Koranradarseluma.net - Pasar surat utang pemerintah di Indonesia diproyeksikan menghadapi tantangan pada 2025 sejalan peningkatan pasokan dan keterbatasan permintaan domestik.
"Penerbitan surat utang pemerintah pada 2025 kemungkinan akan meningkat signifikan, tetapi rasio bid to cover diperkirakan lebih rendah mencapai 1,2 hingga 2,25 kali dibandingkan 2024 sebesar 1,75 hingga 2,75 kali,” kata analis pendapatan tetap PT Pemeringkat Efek Indonesia (Pefindo) Ahmad Nasrudin kepada Investor Daily, Minggu (8/12/2024).

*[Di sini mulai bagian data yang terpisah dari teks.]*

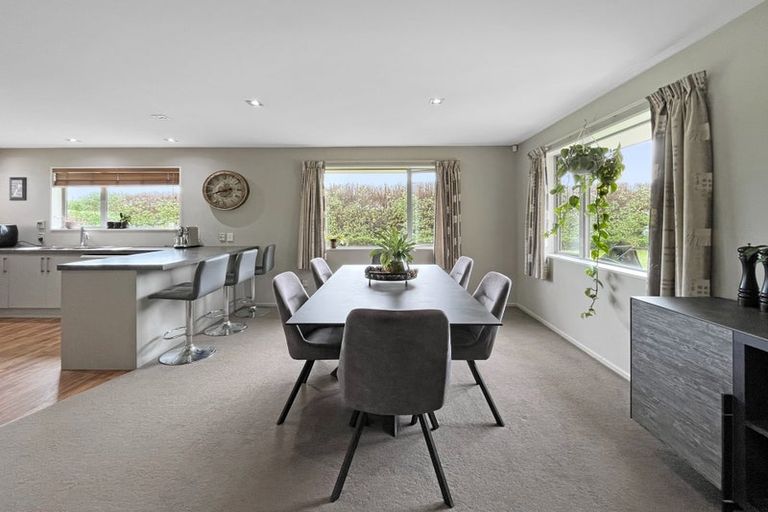 Photo of property in 95 Fairfield Way, Rolleston, 7614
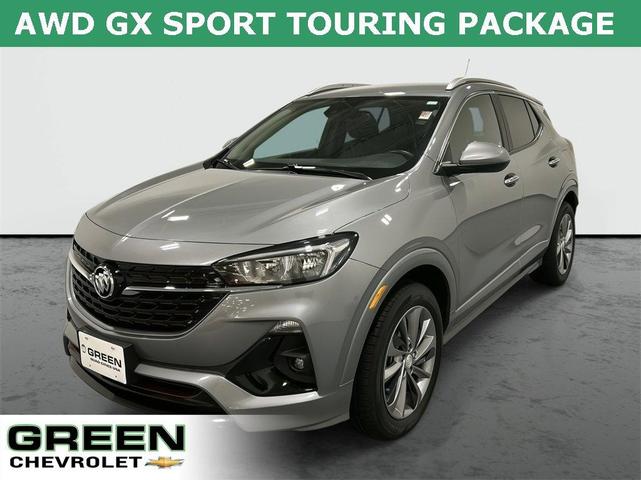 2023 Buick Encore Gx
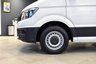 USED 2019 19 VOLKSWAGEN CRAFTER CR35 2.0 TDI 140PS MWB STARTLINE BUSINESS PACK EURO 6 Business Pack, Air Con, Euro 6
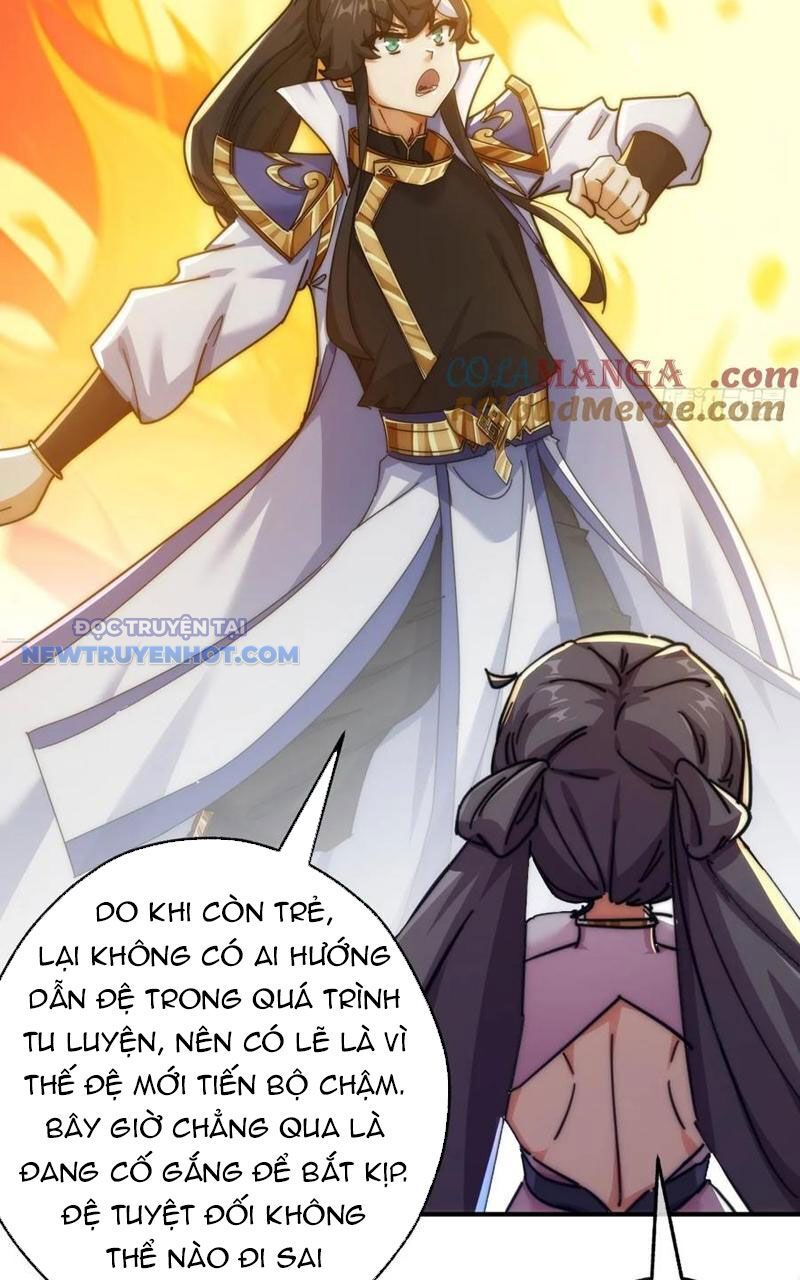 Mời Công Tử Trảm Yêu Chap 91 - Next Chap 92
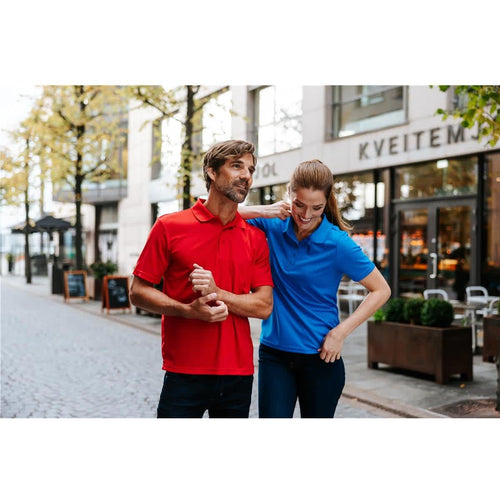 Men's Eclipse Pique Polo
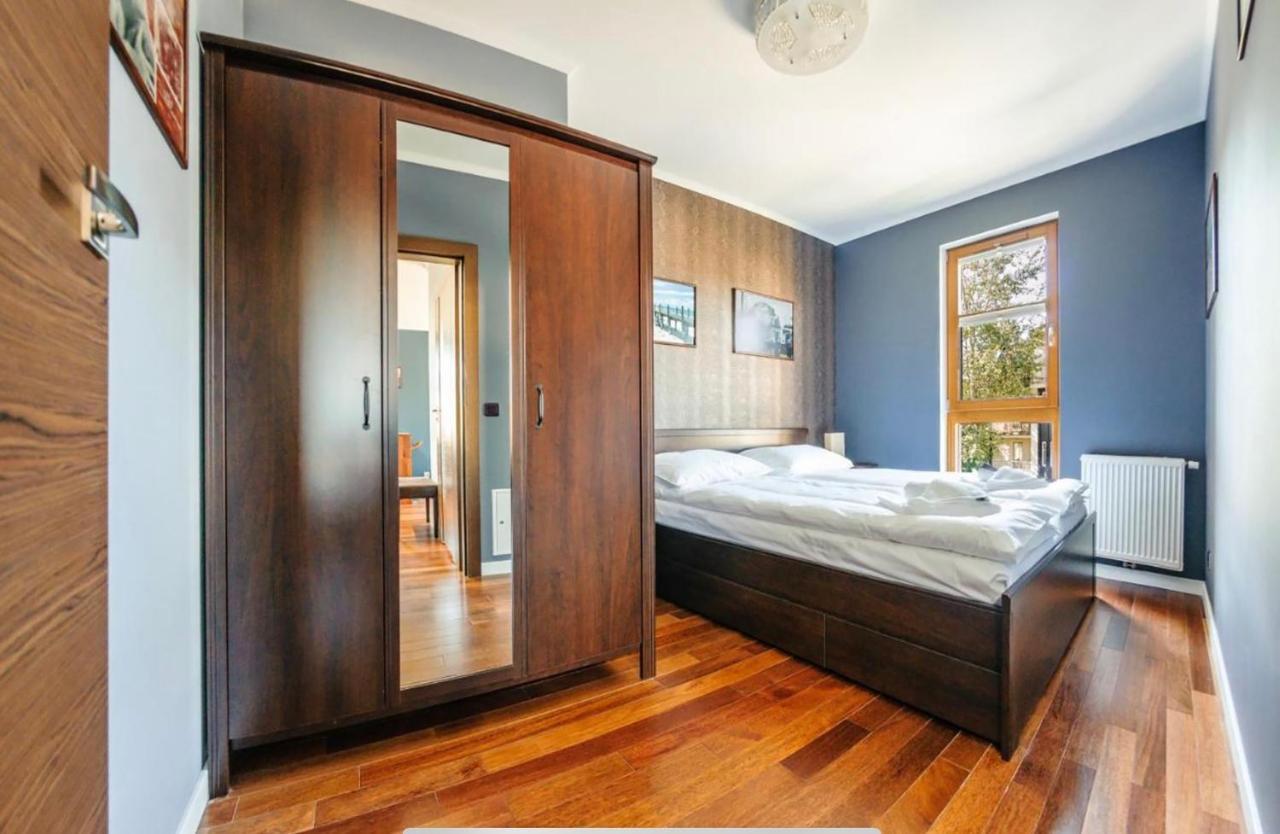 Urus Apartment Sopot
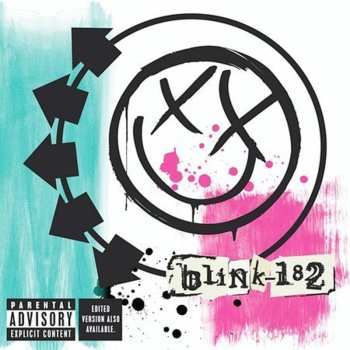 CD Blink-182: blink-182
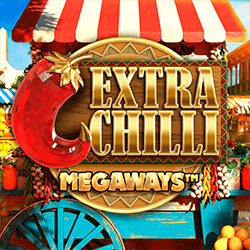 Extra Chilli Megaways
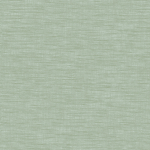 Masureel ORI IUM407 Light sage green with a fine, woven texture on a pale green backgro...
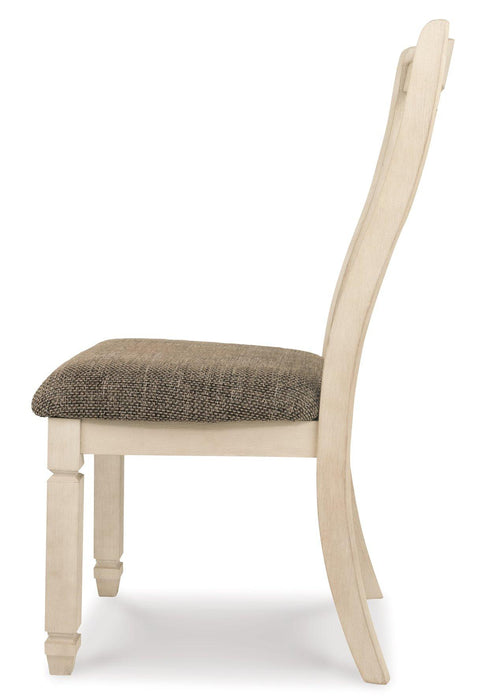Bolanburg Dining Set - Orbit Furniture (Richmond,BC)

Ahmad menjelaskan, peningkatan pasokan surat utang dipicu defisit anggaran yang melonjak dari Rp 522,83 triliun pada 2024 menjadi Rp 616,19 triliun pada 2025. Anggaran ini sebagian besar dialokasikan untuk program baru pemerintah, seperti makan bergizi gratis bagi anak-anak dan ibu hamil, serta pembentukan kementerian dan lembaga baru yang memperbesar beban fiskal.
Selain itu, tingginya surat utang pemerintah yang jatuh tempo turut mendorong penerbitan. Pada 2025, surat utang yang jatuh tempo mencapai Rp721,08 triliun, jauh lebih tinggi dibandingkan Rp 433,49 triliun pada 2024. “Refinancing menjadi kebutuhan utama pemerintah untuk menjaga stabilitas fiskal,” tambah Ahmad.
Namun, daya tarik pasar surat utang pemerintah menghadapi persaingan ketat dari instrumen substitusi, seperti Sertifikat Rupiah Bank Indonesia (SRBI). Dengan imbal hasil yang mencapai 7,2% untuk tenor 12 bulan, SRBI menawarkan keuntungan kompetitif dibandingkan surat utang pemerintah dengan tenor serupa, yang hanya 6,54%.
Meski demikian, surat utang Indonesia tetap menarik di pasar Asia Tenggara. Dengan peringkat kredit BBB dan yield 10 tahun yang saat ini mencapai 6,92%, Indonesia menawarkan imbal hasil lebih tinggi dibandingkan Filipina dan Thailand, yang juga memiliki peringkat kredit serupa.
Menurut Ahmad, imbal hasil rata-rata tenor 10 tahun pada 2025 diproyeksikan turun menjadi 6,31%-6,69%. Penurunan ini didorong oleh ekspektasi pemangkasan suku bunga, meskipun peningkatan pasokan surat utang pemerintah akan menahan penurunan lebih signifikan.